Top of PROVIDED RECORDS

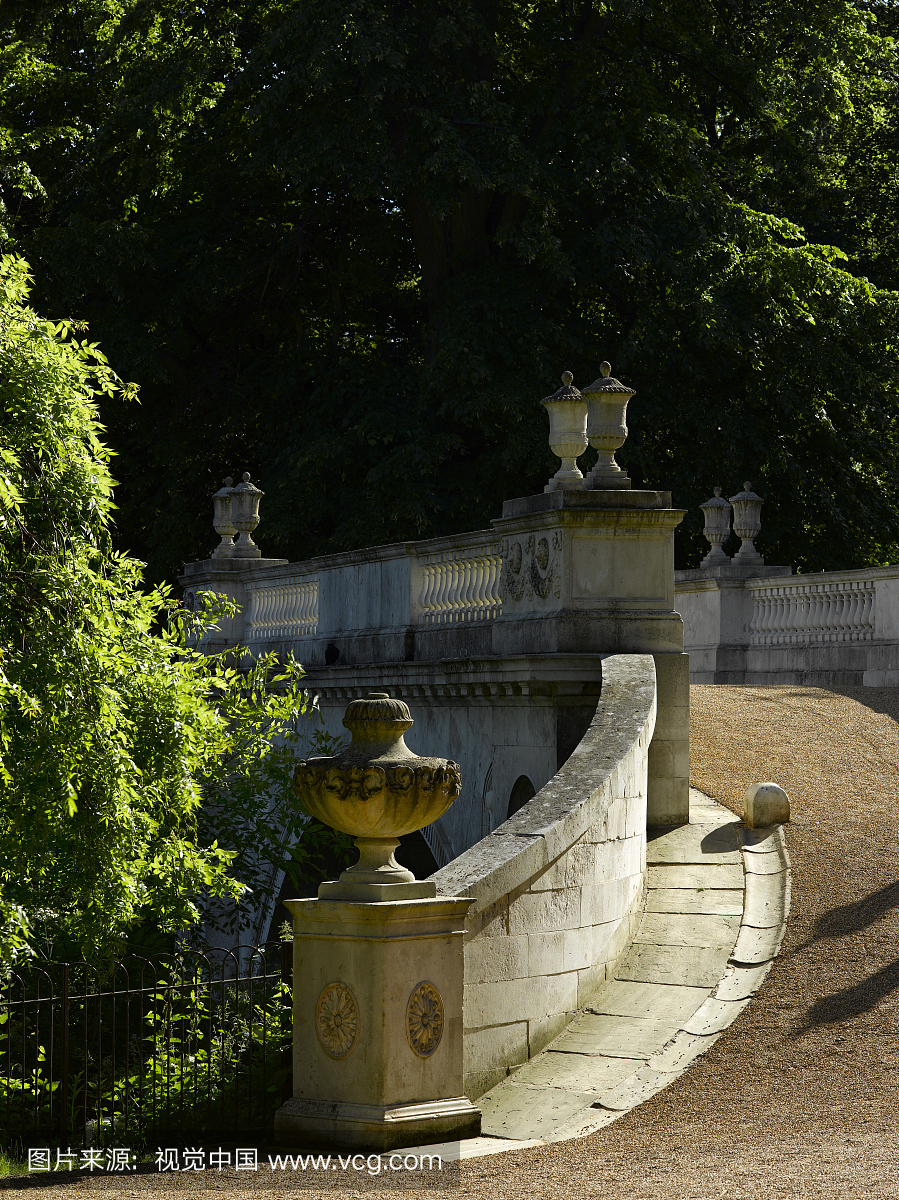 use and Gardens,Chiswick。石桥建筑詹姆斯怀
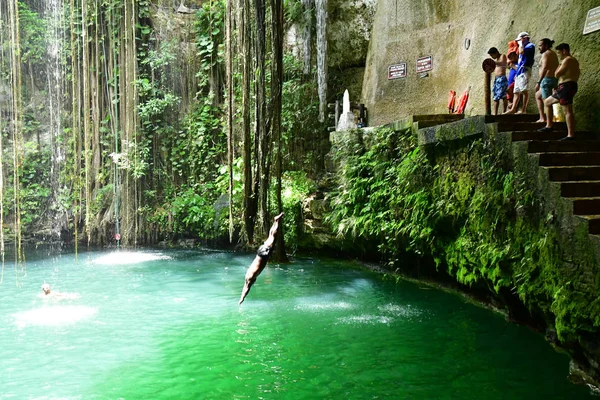 Chichen Itza United Mexican States May 2018 Cenote Kil Site — Stock Photo, Image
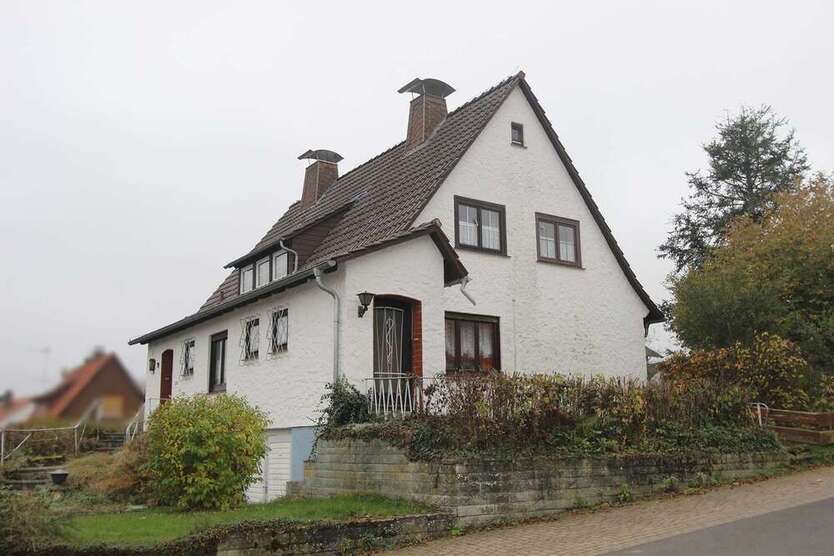 Haus zum Kaufen in Fritzlar 230.000 € 190 m²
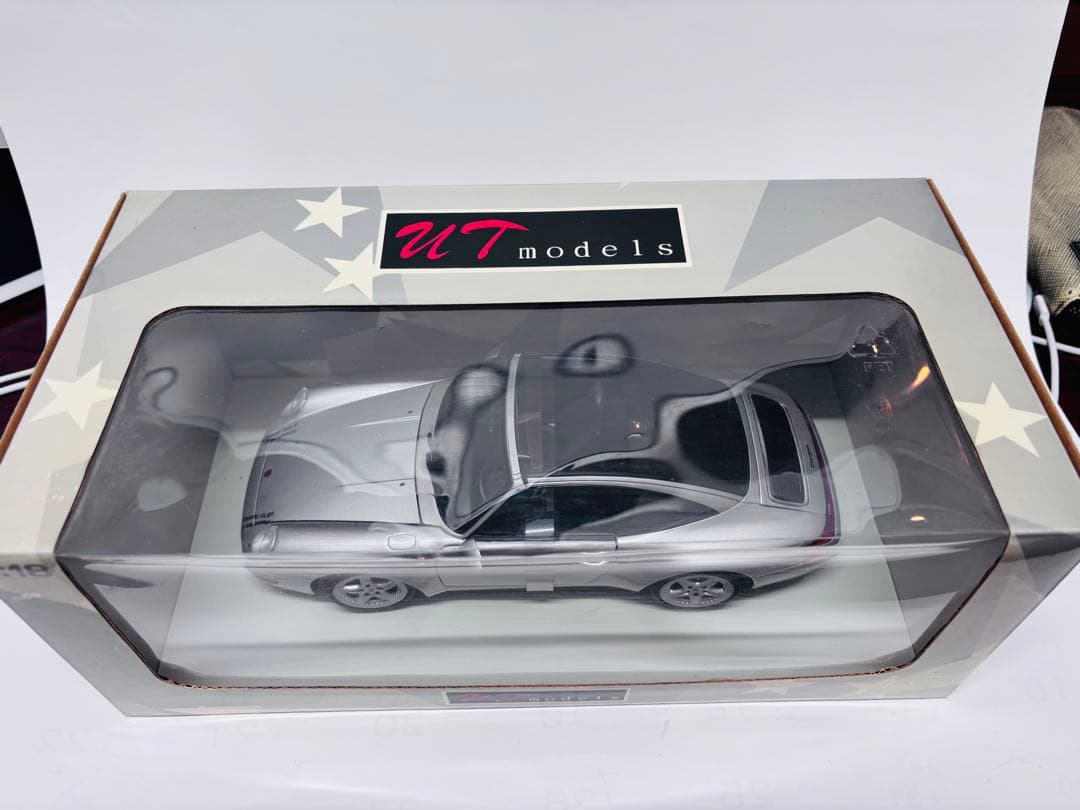 未開封新品送料込1/18 Porsche Carrera targaミニカー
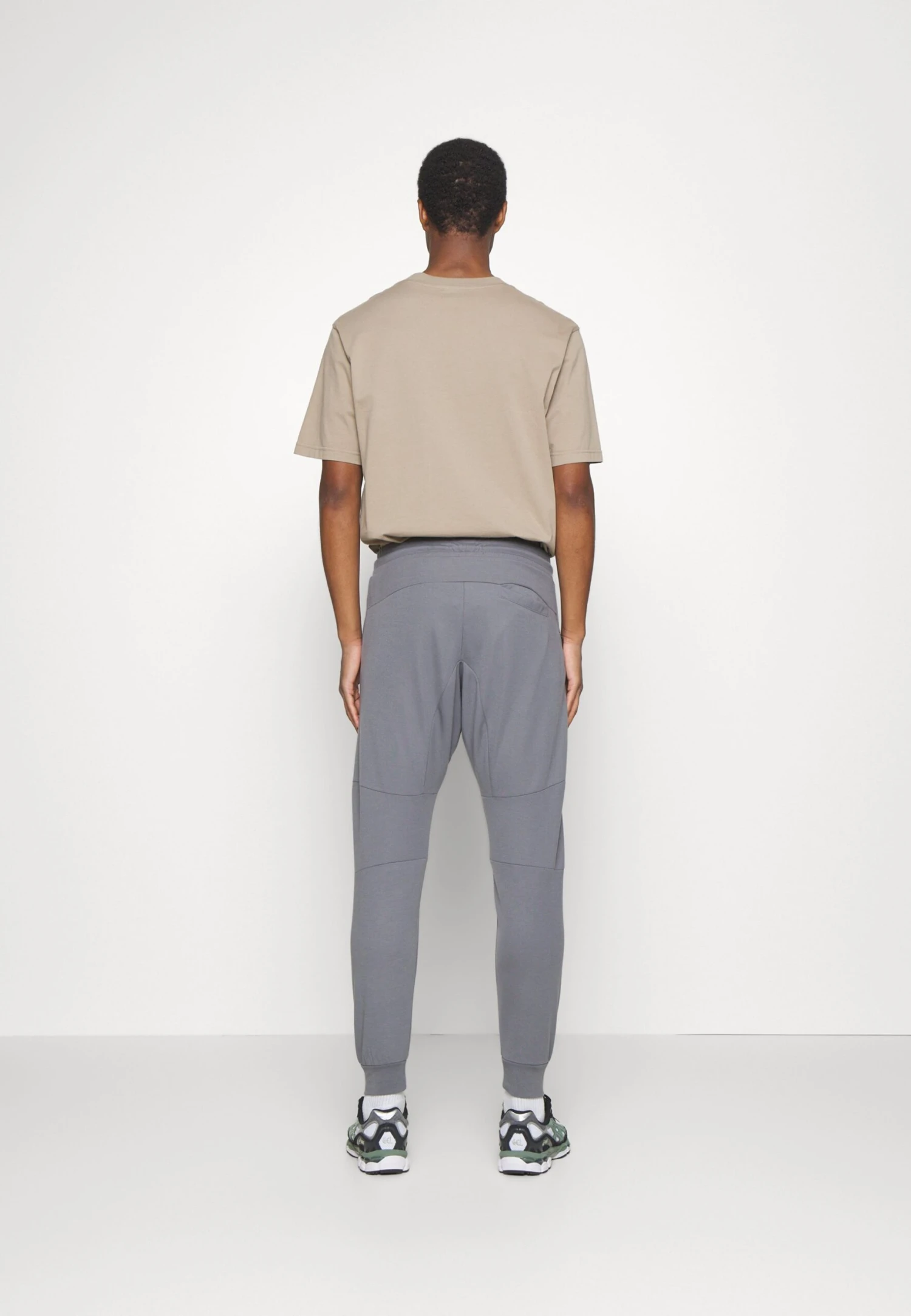 Pier One Pantaloni SportiviDark Grey Uomo Pantaloni PI922E03N-C16 3 Pier One Pantaloni SportiviDark Grey Uomo Pantaloni PI922E03N-C16 - immagine 3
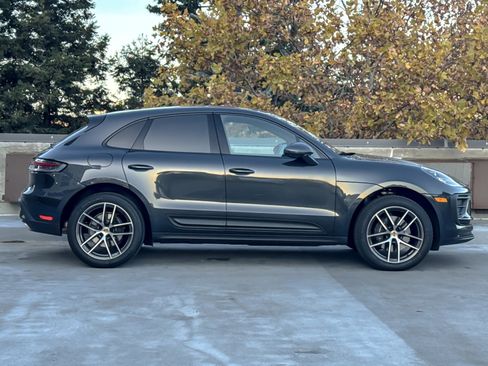 Used 2025 Porsche Macan image 9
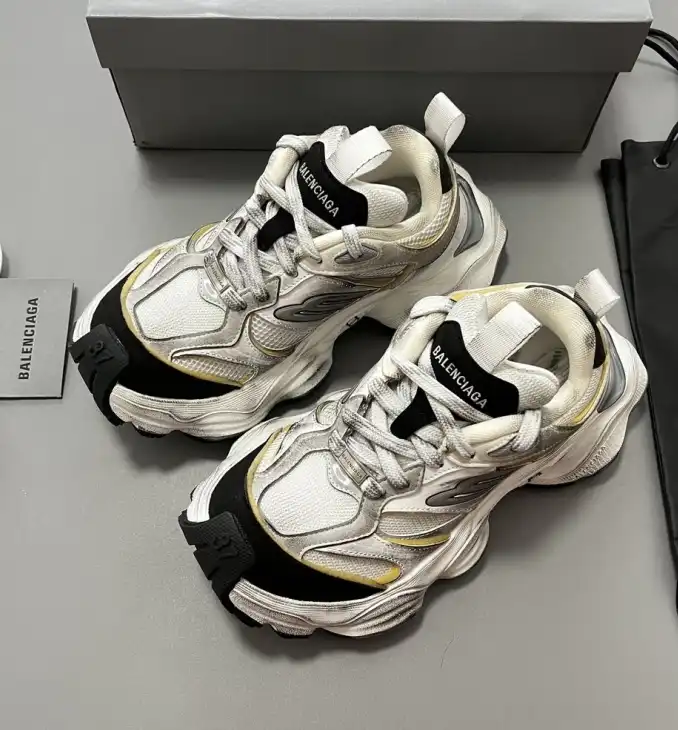 hype Balenciaga Sneakers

Bottom of PROVIDED RECORDS

:: ABOUT THIS TASK ::
The result should hold only the lines from the line with "- immagine 3" through the final line of the records above, copied exactly, with pictures left out.

:: ANSWER SECTION ::
 Pier One Pantaloni SportiviDark Grey Uomo Pantaloni PI922E03N-C16 3 Pier One Pantaloni SportiviDark Grey Uomo Pantaloni PI922E03N-C16 - immagine 3
 Used 2025 Porsche Macan image 9
 hype Balenciaga Sneakers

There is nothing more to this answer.